*Work item*: Two lines mark the range in the entries below: the one holding "LEGO® Minecraft® 21189 Jeskyně kostlivců" and the one holding "New 2026 NEW". Set down those two and all lines between them, exactly.

*Data extracts*:
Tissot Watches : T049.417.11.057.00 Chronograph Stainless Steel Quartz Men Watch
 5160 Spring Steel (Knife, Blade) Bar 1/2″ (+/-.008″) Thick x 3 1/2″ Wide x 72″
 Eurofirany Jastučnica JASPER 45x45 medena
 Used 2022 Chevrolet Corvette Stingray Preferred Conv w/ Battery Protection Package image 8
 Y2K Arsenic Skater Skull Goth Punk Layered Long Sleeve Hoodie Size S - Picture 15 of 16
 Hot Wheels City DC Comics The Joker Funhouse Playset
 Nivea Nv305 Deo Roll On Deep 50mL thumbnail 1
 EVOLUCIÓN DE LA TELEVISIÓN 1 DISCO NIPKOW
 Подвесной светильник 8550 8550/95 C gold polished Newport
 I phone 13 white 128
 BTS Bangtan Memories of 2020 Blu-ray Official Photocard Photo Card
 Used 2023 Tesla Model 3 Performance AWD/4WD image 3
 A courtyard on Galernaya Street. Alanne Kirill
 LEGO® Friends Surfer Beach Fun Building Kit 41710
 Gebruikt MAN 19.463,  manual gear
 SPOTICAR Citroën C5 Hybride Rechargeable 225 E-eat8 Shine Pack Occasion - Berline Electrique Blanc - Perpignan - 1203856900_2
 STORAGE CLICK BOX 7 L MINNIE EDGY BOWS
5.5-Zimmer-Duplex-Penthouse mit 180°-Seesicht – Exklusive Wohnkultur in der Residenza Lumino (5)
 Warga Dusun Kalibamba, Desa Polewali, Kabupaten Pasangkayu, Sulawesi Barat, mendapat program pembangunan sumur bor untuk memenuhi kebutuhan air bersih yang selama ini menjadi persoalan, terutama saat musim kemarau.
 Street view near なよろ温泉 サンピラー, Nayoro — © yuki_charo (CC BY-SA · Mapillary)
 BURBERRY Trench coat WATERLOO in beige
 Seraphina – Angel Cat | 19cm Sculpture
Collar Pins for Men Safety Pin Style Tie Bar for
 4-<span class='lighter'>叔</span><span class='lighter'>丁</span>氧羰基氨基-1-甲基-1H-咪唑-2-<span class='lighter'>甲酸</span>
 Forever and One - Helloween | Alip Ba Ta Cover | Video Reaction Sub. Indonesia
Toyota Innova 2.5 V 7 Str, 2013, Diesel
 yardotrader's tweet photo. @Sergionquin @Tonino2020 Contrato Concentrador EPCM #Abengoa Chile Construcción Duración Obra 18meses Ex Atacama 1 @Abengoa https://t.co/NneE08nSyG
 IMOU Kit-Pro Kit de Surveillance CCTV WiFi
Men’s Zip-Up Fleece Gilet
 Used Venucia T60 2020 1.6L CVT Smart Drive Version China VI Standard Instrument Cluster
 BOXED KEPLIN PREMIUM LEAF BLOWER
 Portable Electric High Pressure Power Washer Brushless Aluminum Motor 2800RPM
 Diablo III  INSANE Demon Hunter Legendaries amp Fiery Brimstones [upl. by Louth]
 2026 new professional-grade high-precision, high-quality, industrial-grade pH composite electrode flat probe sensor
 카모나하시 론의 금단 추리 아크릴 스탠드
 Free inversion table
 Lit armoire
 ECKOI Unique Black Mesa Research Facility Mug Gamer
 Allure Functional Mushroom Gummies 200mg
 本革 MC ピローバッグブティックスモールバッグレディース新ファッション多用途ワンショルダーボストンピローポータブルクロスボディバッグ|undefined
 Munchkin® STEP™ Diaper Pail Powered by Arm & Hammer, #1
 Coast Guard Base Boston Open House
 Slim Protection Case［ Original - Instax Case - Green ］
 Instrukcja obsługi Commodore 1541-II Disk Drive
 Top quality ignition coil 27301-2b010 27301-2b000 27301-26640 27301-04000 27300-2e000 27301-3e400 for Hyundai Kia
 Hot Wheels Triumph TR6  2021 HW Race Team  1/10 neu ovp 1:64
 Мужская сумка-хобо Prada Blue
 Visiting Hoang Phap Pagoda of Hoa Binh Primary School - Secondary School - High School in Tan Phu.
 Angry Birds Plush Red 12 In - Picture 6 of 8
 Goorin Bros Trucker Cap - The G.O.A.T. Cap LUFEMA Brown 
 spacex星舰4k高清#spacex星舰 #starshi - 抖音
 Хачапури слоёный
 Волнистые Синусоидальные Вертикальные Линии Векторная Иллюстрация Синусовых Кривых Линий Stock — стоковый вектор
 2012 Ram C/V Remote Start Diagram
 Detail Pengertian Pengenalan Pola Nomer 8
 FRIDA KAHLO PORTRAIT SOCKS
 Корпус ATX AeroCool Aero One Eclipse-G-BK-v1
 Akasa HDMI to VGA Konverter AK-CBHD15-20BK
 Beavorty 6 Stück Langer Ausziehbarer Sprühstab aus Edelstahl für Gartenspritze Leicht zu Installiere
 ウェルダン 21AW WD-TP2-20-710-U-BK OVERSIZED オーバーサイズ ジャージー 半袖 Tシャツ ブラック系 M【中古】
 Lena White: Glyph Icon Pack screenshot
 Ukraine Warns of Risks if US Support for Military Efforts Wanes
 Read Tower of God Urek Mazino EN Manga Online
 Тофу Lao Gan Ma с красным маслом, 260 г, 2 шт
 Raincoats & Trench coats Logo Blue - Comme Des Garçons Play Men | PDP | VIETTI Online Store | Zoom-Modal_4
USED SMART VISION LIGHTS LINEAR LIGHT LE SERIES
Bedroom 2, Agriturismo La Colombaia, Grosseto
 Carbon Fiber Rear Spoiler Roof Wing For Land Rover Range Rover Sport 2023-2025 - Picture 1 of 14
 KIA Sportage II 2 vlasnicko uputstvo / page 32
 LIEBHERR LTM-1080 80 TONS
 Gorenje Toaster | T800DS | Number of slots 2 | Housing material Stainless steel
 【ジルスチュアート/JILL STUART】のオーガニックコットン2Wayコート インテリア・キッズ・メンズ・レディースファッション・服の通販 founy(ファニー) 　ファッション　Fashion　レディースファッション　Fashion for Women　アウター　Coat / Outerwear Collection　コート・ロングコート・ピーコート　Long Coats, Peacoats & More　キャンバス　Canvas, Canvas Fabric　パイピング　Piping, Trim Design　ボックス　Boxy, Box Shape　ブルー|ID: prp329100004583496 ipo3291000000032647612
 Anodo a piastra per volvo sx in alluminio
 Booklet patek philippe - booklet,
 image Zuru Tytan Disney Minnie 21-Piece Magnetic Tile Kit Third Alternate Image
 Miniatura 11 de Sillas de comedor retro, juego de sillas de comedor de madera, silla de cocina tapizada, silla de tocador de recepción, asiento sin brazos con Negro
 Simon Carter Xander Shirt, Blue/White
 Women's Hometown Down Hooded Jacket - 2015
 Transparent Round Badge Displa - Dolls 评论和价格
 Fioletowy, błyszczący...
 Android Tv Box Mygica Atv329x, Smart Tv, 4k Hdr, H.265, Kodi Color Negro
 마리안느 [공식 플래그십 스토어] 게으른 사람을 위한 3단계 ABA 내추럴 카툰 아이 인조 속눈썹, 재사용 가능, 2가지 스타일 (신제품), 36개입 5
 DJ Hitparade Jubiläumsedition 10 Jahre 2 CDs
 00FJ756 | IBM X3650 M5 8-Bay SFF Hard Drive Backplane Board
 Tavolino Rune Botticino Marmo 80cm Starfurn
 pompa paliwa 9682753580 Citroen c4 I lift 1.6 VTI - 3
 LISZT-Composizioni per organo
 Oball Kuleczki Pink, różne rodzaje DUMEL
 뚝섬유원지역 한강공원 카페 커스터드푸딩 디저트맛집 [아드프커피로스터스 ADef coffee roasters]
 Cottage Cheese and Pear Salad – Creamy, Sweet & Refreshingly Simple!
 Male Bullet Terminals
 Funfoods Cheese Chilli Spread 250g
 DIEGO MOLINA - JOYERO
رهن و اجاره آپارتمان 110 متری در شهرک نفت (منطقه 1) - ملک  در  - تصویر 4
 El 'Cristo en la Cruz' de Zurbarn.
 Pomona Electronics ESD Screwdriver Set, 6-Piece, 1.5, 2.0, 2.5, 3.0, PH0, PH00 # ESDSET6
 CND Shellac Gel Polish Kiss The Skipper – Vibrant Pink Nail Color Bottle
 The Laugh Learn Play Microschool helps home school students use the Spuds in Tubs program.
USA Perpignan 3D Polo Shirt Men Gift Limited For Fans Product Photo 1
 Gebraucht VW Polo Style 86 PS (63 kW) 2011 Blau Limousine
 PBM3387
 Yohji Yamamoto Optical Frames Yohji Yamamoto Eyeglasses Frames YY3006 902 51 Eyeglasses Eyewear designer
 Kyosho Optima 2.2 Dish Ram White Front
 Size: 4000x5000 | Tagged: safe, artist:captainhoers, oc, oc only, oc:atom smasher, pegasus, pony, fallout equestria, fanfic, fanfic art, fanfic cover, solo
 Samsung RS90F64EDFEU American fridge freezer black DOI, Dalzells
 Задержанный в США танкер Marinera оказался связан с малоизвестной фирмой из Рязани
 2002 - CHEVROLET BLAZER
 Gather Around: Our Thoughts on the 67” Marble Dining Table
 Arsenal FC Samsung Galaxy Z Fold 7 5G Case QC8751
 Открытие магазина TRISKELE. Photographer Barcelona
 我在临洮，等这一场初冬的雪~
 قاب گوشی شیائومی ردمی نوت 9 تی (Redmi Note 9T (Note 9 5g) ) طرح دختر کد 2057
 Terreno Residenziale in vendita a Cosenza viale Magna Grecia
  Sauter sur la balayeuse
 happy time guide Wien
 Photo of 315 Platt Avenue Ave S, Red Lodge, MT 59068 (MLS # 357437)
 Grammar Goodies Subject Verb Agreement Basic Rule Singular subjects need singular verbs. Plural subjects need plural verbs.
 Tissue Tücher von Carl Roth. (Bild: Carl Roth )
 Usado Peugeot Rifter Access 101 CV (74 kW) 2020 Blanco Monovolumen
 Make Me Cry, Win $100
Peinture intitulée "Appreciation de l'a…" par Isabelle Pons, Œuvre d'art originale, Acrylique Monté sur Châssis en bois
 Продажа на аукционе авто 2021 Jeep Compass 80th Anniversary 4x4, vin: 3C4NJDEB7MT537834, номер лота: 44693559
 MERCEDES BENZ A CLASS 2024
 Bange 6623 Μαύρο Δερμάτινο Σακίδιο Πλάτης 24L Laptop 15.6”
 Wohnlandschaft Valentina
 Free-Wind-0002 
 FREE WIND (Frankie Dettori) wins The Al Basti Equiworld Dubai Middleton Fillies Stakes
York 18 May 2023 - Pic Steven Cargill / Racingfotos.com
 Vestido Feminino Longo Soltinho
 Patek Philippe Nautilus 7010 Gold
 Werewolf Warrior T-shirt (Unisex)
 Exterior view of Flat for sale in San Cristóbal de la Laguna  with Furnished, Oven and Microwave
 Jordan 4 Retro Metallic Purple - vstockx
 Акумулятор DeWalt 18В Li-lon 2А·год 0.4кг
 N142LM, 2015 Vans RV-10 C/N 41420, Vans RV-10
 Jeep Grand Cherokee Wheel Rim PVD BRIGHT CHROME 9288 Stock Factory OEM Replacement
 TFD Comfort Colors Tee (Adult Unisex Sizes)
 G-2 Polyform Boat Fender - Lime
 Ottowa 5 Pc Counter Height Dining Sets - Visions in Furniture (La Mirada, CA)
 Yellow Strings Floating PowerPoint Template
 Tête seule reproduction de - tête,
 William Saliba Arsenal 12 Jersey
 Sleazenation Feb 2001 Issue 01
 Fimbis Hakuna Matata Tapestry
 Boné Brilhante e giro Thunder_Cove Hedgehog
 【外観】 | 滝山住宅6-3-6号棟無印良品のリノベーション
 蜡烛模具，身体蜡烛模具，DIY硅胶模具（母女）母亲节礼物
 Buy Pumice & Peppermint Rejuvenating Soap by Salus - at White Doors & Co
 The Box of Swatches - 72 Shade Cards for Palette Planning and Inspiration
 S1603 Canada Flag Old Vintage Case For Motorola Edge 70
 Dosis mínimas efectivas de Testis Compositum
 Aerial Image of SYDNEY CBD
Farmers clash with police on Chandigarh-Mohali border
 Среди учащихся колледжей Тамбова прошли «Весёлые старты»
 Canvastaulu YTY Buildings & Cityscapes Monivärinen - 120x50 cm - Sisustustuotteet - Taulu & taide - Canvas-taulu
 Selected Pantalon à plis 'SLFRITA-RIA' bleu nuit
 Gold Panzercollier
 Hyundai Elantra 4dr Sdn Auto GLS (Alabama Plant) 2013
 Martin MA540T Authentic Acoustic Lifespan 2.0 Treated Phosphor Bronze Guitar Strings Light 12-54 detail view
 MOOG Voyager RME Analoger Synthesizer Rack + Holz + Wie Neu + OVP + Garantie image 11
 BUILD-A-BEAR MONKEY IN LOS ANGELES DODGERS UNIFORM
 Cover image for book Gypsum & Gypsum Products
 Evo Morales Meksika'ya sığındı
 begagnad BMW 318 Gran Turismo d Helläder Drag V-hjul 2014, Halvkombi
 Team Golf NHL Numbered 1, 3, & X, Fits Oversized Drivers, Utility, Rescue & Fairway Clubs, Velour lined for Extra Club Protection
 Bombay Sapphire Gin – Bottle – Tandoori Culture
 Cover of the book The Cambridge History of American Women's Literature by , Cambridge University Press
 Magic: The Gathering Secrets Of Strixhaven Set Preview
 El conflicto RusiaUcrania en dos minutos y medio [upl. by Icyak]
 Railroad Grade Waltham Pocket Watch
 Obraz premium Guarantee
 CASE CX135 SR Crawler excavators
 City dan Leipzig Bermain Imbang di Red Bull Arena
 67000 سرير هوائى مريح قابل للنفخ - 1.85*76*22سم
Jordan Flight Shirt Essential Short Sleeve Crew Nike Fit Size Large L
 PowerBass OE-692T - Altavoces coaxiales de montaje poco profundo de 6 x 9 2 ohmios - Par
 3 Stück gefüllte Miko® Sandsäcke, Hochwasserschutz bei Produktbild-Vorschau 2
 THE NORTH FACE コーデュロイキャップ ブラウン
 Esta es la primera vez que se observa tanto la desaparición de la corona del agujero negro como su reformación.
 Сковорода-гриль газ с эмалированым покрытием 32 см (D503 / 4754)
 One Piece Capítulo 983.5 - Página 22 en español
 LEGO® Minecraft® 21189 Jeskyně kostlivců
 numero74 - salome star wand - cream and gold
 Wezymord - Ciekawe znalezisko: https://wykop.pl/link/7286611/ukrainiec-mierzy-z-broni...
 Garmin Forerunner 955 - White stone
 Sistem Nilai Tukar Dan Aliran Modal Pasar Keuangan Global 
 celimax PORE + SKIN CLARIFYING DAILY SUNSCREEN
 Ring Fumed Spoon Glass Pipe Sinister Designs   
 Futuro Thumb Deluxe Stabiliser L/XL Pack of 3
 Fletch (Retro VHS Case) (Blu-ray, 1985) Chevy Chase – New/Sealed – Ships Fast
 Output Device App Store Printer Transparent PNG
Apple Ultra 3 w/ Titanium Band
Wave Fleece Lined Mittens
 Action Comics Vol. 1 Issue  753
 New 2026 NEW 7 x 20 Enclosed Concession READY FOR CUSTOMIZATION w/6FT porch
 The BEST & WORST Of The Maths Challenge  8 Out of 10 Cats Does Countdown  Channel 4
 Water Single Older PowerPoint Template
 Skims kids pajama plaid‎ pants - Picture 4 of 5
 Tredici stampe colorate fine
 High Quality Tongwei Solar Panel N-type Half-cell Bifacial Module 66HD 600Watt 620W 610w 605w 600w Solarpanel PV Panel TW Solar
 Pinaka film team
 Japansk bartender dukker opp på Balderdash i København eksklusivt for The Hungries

*Response to this task*:
 LEGO® Minecraft® 21189 Jeskyně kostlivců
 numero74 - salome star wand - cream and gold
 Wezymord - Ciekawe znalezisko: https://wykop.pl/link/7286611/ukrainiec-mierzy-z-broni...
 Garmin Forerunner 955 - White stone
 Sistem Nilai Tukar Dan Aliran Modal Pasar Keuangan Global 
 celimax PORE + SKIN CLARIFYING DAILY SUNSCREEN
 Ring Fumed Spoon Glass Pipe Sinister Designs   
 Futuro Thumb Deluxe Stabiliser L/XL Pack of 3
 Fletch (Retro VHS Case) (Blu-ray, 1985) Chevy Chase – New/Sealed – Ships Fast
 Output Device App Store Printer Transparent PNG
Apple Ultra 3 w/ Titanium Band
Wave Fleece Lined Mittens
 Action Comics Vol. 1 Issue  753
 New 2026 NEW 7 x 20 Enclosed Concession READY FOR CUSTOMIZATION w/6FT porch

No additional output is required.